The recent case of Wright-Turner v London Borough of Hammersmith and Fulham and another is of interest for a number of reasons and is a reminder to all employers that dismissing an employee during a probationary period is not risk free. It also highlights the importance of understanding and supporting neurodivergent employees. Please find the slides from the Neurodiversity Awareness workshop that was at the 2024 Annual Conference at this link.

Of interest in this case is the significant award the employee received and that fact that the employee had only been employed for a total of 9 months.
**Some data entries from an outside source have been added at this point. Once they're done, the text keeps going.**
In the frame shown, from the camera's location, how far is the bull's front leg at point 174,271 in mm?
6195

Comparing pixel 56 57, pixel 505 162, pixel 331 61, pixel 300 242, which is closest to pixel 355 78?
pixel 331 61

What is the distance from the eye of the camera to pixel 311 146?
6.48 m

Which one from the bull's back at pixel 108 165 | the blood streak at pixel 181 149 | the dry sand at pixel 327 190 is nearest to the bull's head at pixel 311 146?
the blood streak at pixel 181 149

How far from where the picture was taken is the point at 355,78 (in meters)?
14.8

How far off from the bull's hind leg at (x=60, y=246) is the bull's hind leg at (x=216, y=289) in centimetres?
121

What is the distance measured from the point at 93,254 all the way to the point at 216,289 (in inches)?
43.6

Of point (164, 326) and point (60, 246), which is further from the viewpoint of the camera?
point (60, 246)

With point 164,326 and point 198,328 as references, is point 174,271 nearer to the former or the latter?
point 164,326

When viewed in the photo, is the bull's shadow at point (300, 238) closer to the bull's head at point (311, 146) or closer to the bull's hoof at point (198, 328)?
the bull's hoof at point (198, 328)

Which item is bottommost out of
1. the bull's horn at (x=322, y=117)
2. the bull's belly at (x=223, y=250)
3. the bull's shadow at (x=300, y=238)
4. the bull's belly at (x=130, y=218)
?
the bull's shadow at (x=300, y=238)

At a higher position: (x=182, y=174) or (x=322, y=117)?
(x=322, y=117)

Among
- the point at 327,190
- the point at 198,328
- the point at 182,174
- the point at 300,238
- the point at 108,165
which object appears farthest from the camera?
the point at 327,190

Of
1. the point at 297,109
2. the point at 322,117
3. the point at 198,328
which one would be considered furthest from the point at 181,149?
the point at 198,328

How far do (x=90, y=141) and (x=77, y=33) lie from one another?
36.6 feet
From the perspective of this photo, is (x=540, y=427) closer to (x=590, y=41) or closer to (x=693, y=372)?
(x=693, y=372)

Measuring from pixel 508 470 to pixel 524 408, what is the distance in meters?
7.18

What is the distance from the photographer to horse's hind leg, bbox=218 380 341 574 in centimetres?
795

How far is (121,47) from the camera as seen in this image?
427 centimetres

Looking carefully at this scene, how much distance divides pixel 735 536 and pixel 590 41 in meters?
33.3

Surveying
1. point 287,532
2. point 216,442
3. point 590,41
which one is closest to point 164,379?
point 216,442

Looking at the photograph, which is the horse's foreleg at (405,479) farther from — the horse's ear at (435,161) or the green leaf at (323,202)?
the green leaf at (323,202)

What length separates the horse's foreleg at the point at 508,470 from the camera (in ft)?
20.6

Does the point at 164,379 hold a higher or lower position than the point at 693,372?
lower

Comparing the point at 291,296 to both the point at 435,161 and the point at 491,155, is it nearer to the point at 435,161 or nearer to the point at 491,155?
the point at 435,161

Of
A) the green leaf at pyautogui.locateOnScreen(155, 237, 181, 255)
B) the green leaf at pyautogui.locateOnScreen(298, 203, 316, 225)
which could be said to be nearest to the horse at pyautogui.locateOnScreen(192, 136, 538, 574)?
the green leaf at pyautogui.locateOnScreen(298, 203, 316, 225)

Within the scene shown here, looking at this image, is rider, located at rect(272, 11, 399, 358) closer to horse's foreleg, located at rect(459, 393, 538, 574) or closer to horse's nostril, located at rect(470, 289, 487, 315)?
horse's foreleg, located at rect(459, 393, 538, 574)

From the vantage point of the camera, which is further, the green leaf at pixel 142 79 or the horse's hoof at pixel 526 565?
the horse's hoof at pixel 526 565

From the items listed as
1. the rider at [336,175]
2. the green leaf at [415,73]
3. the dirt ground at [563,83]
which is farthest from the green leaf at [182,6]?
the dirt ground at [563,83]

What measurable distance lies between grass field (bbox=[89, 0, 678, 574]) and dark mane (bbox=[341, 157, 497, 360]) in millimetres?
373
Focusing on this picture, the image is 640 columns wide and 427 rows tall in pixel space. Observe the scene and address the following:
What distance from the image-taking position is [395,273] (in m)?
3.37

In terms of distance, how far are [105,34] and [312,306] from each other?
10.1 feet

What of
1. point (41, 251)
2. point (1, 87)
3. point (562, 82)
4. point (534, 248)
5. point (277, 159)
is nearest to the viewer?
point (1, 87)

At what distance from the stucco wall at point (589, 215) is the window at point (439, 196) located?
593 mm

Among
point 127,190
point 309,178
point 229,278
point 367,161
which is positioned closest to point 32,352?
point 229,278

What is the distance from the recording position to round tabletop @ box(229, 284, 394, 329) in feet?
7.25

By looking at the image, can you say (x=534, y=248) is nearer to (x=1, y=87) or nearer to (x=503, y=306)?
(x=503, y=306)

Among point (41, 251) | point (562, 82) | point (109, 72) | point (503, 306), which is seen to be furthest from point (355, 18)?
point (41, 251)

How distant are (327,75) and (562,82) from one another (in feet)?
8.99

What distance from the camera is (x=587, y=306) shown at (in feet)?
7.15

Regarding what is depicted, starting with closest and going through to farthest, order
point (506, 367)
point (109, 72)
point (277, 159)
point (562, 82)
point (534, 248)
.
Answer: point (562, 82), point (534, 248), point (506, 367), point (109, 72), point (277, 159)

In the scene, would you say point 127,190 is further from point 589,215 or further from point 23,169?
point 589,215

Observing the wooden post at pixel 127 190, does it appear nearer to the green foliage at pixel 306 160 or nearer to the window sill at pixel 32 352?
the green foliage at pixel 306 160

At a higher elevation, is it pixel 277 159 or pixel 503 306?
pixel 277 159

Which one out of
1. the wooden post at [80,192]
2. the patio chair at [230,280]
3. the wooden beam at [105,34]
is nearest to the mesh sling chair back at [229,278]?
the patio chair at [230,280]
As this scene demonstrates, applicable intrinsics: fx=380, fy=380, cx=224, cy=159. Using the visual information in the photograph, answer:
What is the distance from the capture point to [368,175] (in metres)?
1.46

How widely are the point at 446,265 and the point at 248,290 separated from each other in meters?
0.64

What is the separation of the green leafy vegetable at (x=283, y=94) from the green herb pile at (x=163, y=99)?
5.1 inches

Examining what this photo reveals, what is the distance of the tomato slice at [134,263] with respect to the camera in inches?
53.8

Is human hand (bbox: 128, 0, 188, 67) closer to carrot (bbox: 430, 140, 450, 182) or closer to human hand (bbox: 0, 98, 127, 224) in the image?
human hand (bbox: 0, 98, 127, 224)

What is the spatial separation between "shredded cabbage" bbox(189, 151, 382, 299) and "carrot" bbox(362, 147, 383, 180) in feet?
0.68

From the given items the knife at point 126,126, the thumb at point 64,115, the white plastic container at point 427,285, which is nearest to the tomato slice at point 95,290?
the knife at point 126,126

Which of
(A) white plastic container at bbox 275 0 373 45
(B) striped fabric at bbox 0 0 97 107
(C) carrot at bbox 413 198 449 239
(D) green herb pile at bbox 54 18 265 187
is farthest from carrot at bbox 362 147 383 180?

As the claim related to disability discrimination the employee did not need to have two year continuous service and the compensation award for discrimination claims is uncapped.

The employee was in a senior role and part of the Leadership Team and had ADHD and PTSD and was treated unfairly and unreasonably during their probation period which resulted in their dismissal.

Key points regarding the case were:

  • Prior to joining the London Borough of Hammersmith and Fulham the employee had had a successful career as a senior civil servant.
  • During the probation period the employee’s physical and mental health deteriorated, all the while she was working extremely long hours and was clearly stressed.
  • Her line manager's perception of her was impacted by her finding out that the claimant had ADHD.
  • Shortly before the end of her probationary period the claimant was invited to a meeting where her ADHD was discussed. Later that same day the employee had a panic attack and ended up in a traumatic state in A&E and was signed off work.
  • The employee’s probation was initially for 6 months but it was then extended by 3 months. During their period of employment the employee also submitted a grievance.
  • The employee’s dismissal coincided with the end of the extended probation period.

The employment tribunal considered the evidence and found that;

  • The employer had falsified two letters. The first by back dating a letter extending the employee’s probation period to make it look like it had been written before the probation period had expired. As well as the letter of dismissal to look like it had been written prior to the employee raising a grievance.
  • They also found that the employee had been harassed.
  • The extension of the probationary period and the dismissal both resulted in direct disability discrimination and discrimination arising from disability.
  • They also found that the employer had failed to reasonably comply with the ACAS Code of Practice on Disciplinary and Grievance procedures and failed to follow their own Probationary Procedure.

The claimant was a high earner with a good pension, but as detailed above she was treated particularly badly and it had a significant and detrimental impact on her health. The majority of the award was based on past and future loss of earnings (approximately £2 million).